⟨

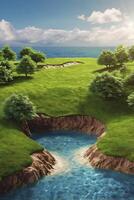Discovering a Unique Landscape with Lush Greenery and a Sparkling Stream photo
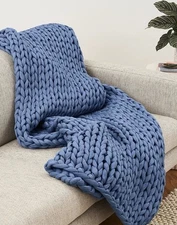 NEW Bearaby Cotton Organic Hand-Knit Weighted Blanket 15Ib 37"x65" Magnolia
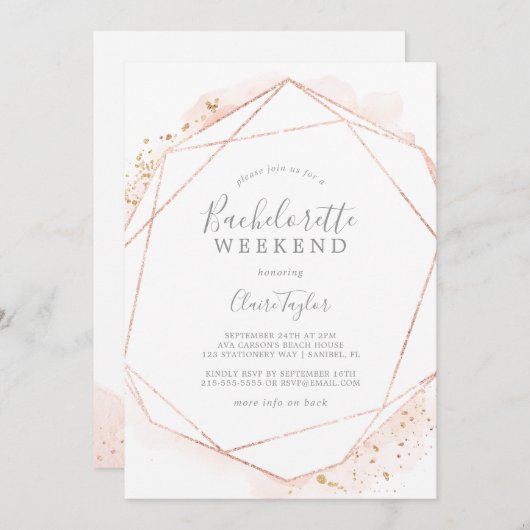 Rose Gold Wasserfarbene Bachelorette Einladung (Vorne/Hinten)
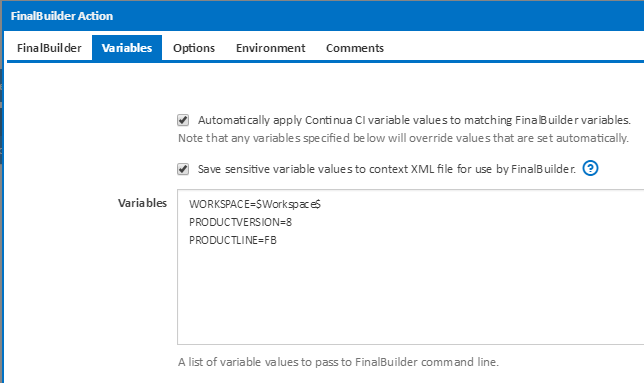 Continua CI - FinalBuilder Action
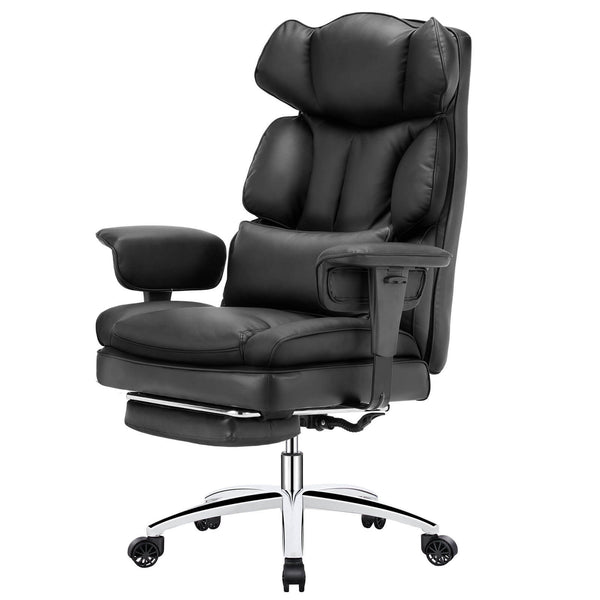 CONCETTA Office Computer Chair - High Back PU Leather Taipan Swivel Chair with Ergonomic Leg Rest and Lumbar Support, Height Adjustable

⟩

TASK
Word-for-word repeat, images excluded: return all the data.

ANSWER TO THE PROBLEM
Discovering a Unique Landscape with Lush Greenery and a Sparkling Stream photo
 NEW Bearaby Cotton Organic Hand-Knit Weighted Blanket 15Ib 37"x65" Magnolia
 Rose Gold Wasserfarbene Bachelorette Einladung (Vorne/Hinten)
 Continua CI - FinalBuilder Action
 CONCETTA Office Computer Chair - High Back PU Leather Taipan Swivel Chair with Ergonomic Leg Rest and Lumbar Support, Height Adjustable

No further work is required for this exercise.